Another extraordinary aspect to the gathering was the strong presence of the University of Michigan. Two of our PhD students were in attendance: Paula Curtis and Melissa Van Wyk. Plus three alums of our PhD program: Brian Dowdle, Hoyt Long, and Molly Des Jardin! The latter two served as our instructors, along with the brilliant Mark Ravina, a professor of Japanese history at Emory who organized, instructed, and generally made the entire event happen. The crew of graduate students he arranged to be ready to help out with our computing difficulties and coding questions was top-notch!

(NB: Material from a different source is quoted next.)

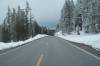 17-Winter_scene_at_Crater_Lake.JPG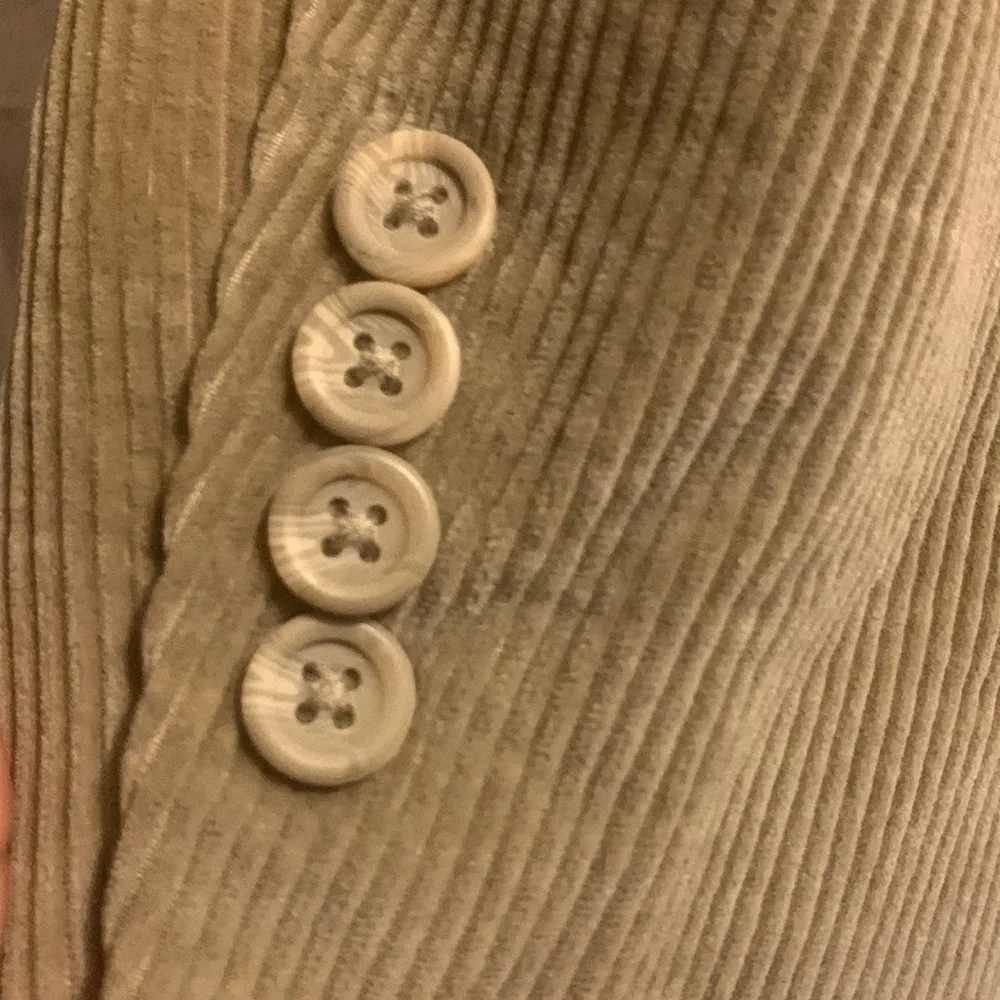 Midtown man blazer - Picture 3 of 10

Text mining is the process of analyzing data from natural language text to derive high quality information about it. That type of research activity has been going on for some time with regard to English language text. For example, one might process all of the writings of Charles Dickens to derive information about his patterns of language use over time. It is relatively straightforward to scan a page of printed English text and then use optical character recognition (OCR) to make the words in the text readable and searchable by a computer. Japanese text, however, does not usually have spaces between the words, so simply doing OCR on a text doesn’t get you as far, and even mere OCR of Japanese, alas, is not as straightforward as it is for English. If you want to know more, a rich starting point is Molly Des Jardin’s guide to the subject.
Our four days were packed with activities: presentations; hands-on work, including learning to use the coding language R to manipulate Japanese text once it had been successfully OCR’ed and broken into words (the technical term is “tokenized”); and lively discussion. We did a little tweeting under the hashtag #dhjapan, which we hope will be used for other Japanese digital humanities topics in the future. I am still processing everything I learned and the ways I would like to use it in future projects. Happily, the group intends to keep in touch and advance this exciting new area of scholarship.